In clinical trials of BabyBIG, which included cases treated at St. Charles Bend in the late 1990s, the treatment cut hospitalization time from an average of 5.7 weeks to 2.6 weeks, with similar reductions in ICU time, ventilator use and complications. The savings in hospital costs, Chunn said, more than offsets the high price of the drug.

Josiah is covered by the Oregon Health Plan, and the Fergusons expect OHP will pay for the treatment.

“We actually have no idea,” Shari admitted. “We didn’t ask.”
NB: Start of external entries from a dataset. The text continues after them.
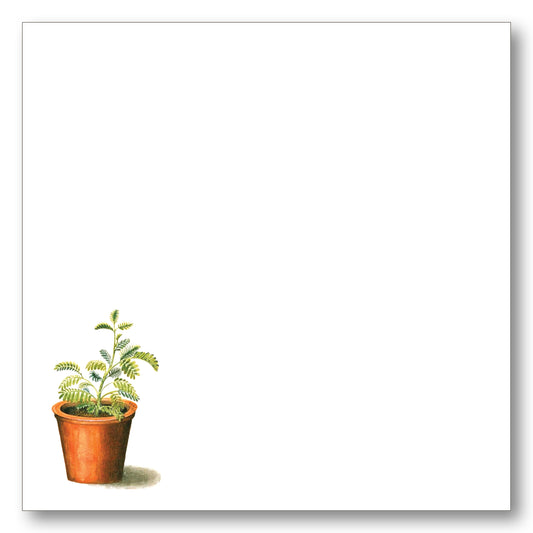 Potted Plant Note Block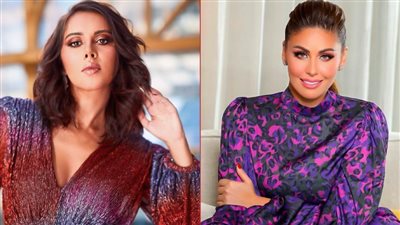 مي سليم ممثلة مشهورة مع ياسمين رئيس في فيلم ضرب نار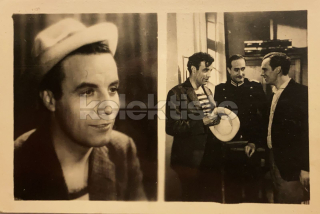 100 Kč GEN Pohlednice FILM STARS, GEN136144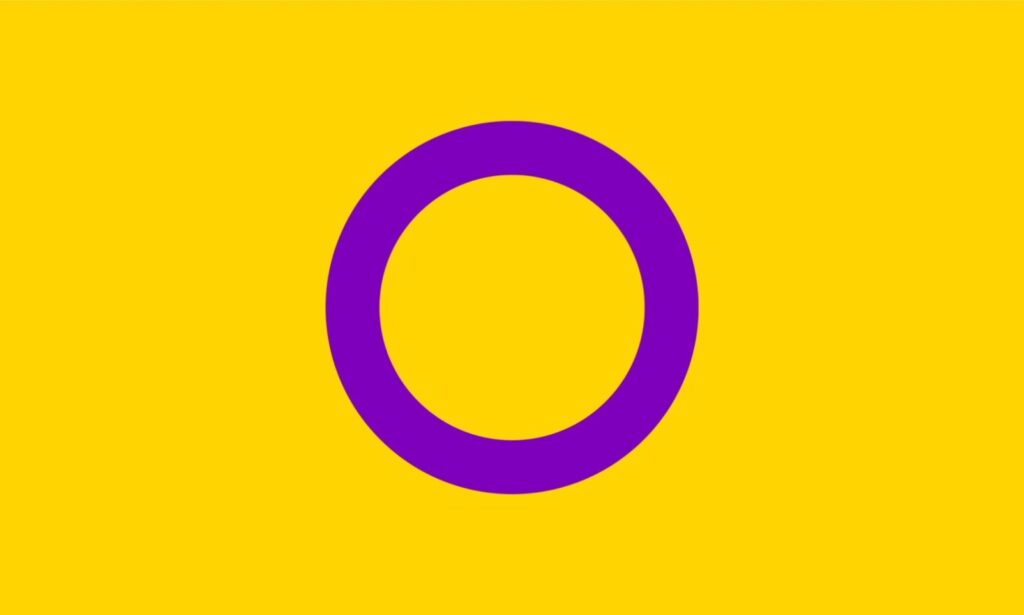Intersex Pride Flag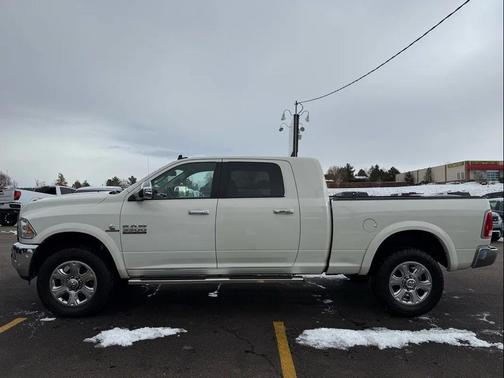 2016 RAM 3500 Laramie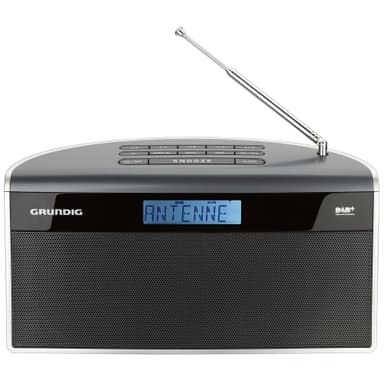 Grundig Music 85 DAB+ radio - sort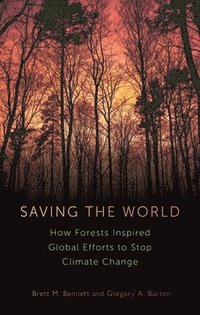 bokomslag Saving the World
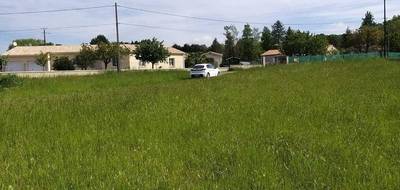 Terrain seul à Sers en Charente (16) de 1193 m² à vendre au prix de 38500€ - 3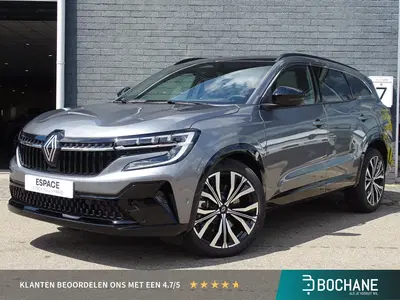 Renault Espace E-Tech full hybrid 200 iconic 7p. uit 2025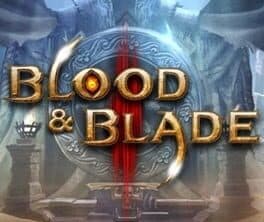 Cover art for Blood & Blade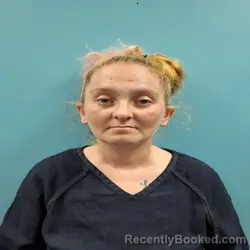 Mugshot of AMANDA MICHELLE BRYANT booked in Roane County, Tennessee on March 5, 2026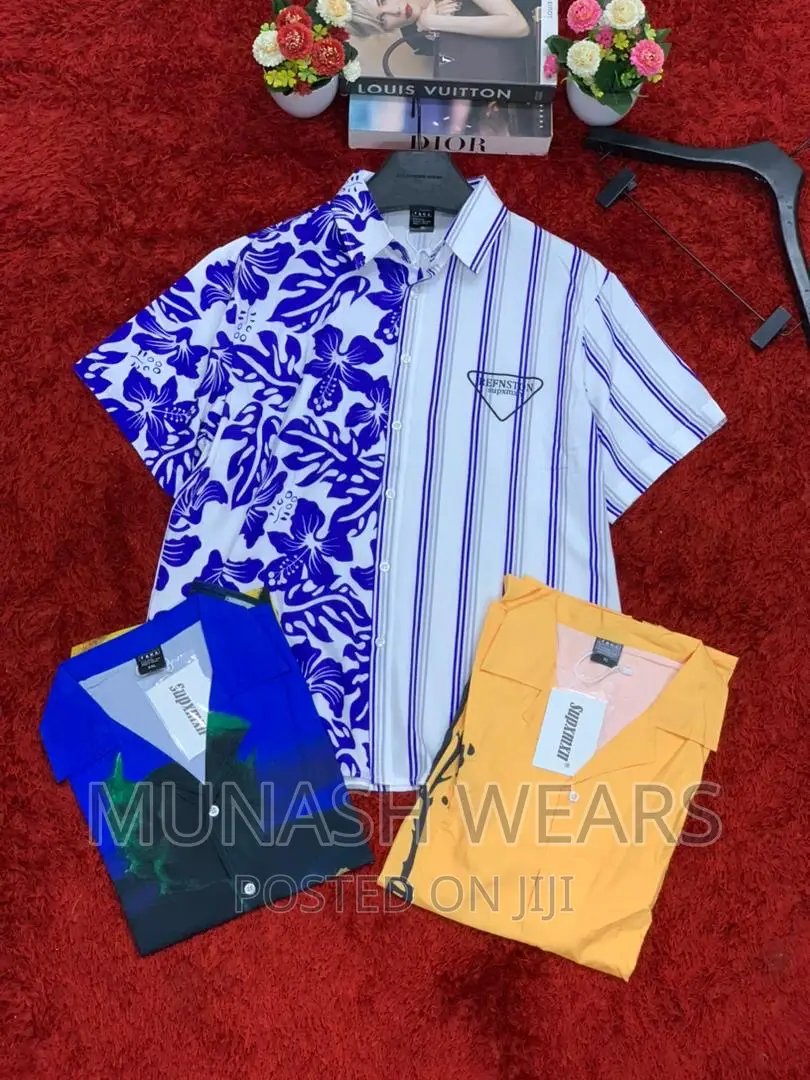 Quality Vintage Shirts Collection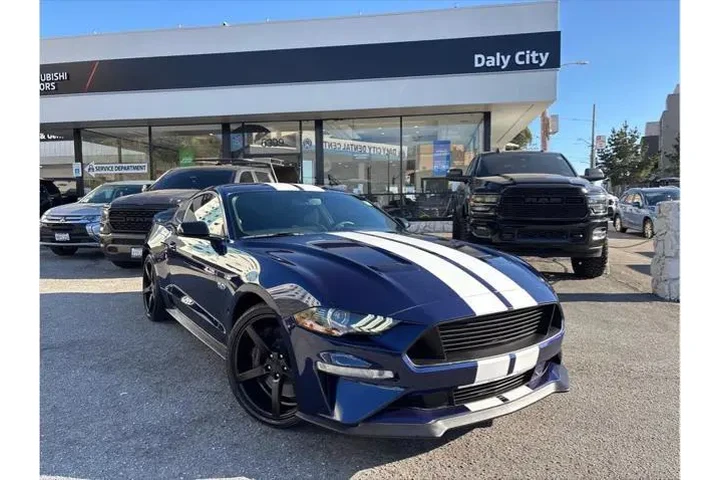 $31498 : Ford Mustang 2019 GT 2dr Fas image 1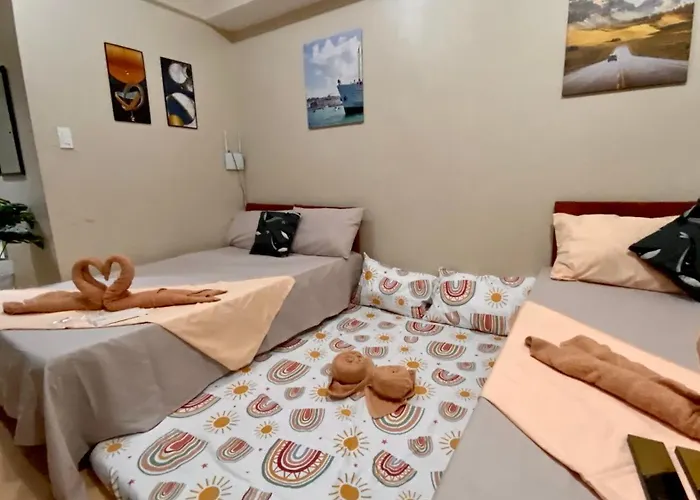 Affordable In Just Across Sm Mall Cebu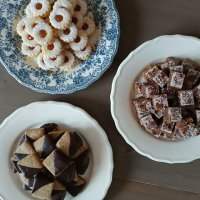 Atelier gâteaux de Noël 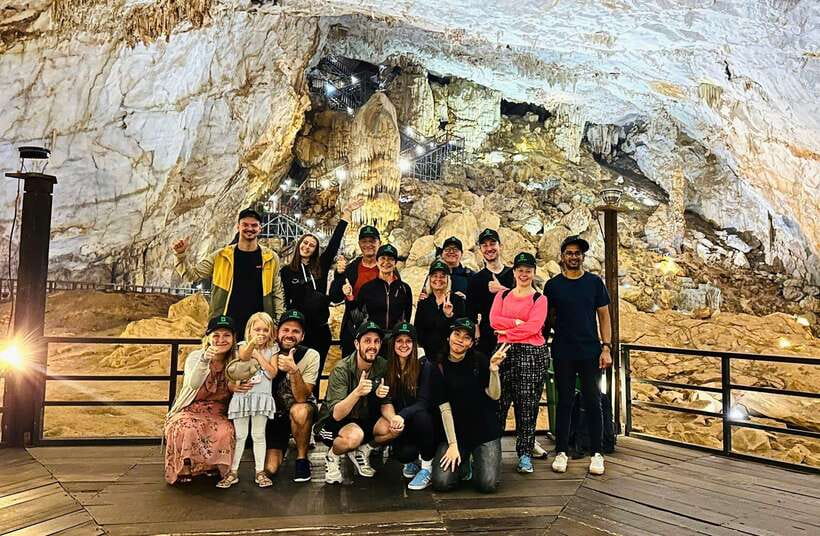 Phong Nha Cave & Paradise Cave: Guided Tour Boat & Explore - Price and Value: What $55 Buys You in One Day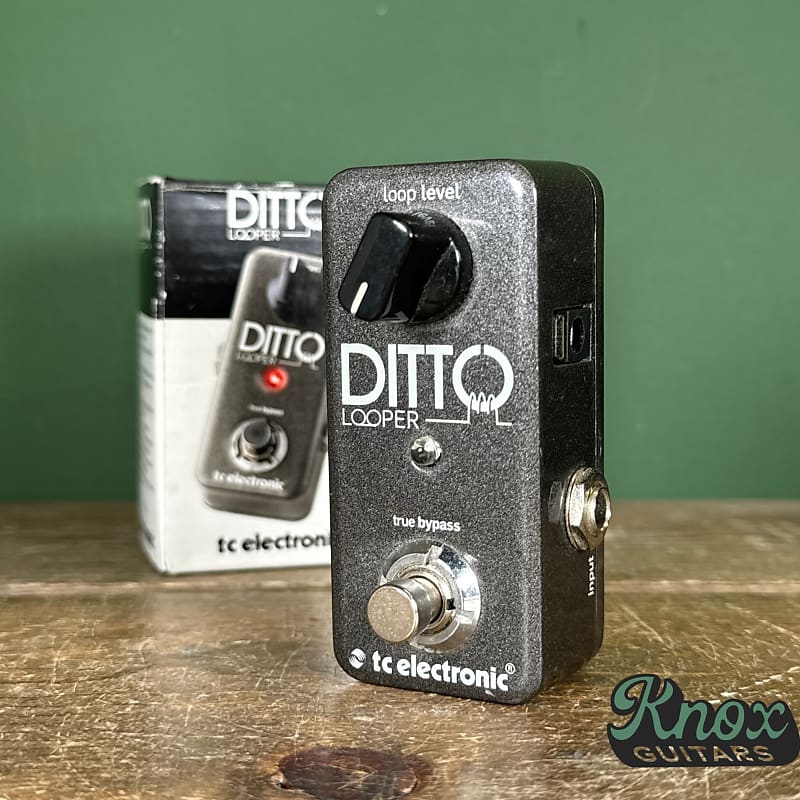 TC Electronic Ditto Looper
They had little choice. The botulinum toxin has a paralytic effect, which is one of the reasons it’s used to relax facial wrinkles in the cosmetic product Botox. By the time, Josiah received his treatment, he had ceased almost all movement. He has made slow but steady progress ever since.

Before they can take him home, Josiah will have to relearn how to eat on his own, how to swallow without aspirating his food, even how to hold his head up again. He is undergoing regular physical therapy and is still getting most of his calories through a nasal tube.

“You go from, he’s not moving his eyes to look from side to side, to the next day when he can move his eyes and slightly move his fingers,” Shari said. “It’s been gradual but every day, a little bit more.”

She is convinced the worst is behind them and they are looking forward to going home.

Lindsay credits the emergency room doctors in Redmond for stabilizing the infant and the Airlink team for successfully transporting the child in such a fragile state. Without their work, he wouldn’t even have had a chance to make his diagnosis.

“That’s quite a feat,” he said. “There’s a lot of places that don’t have that capability.”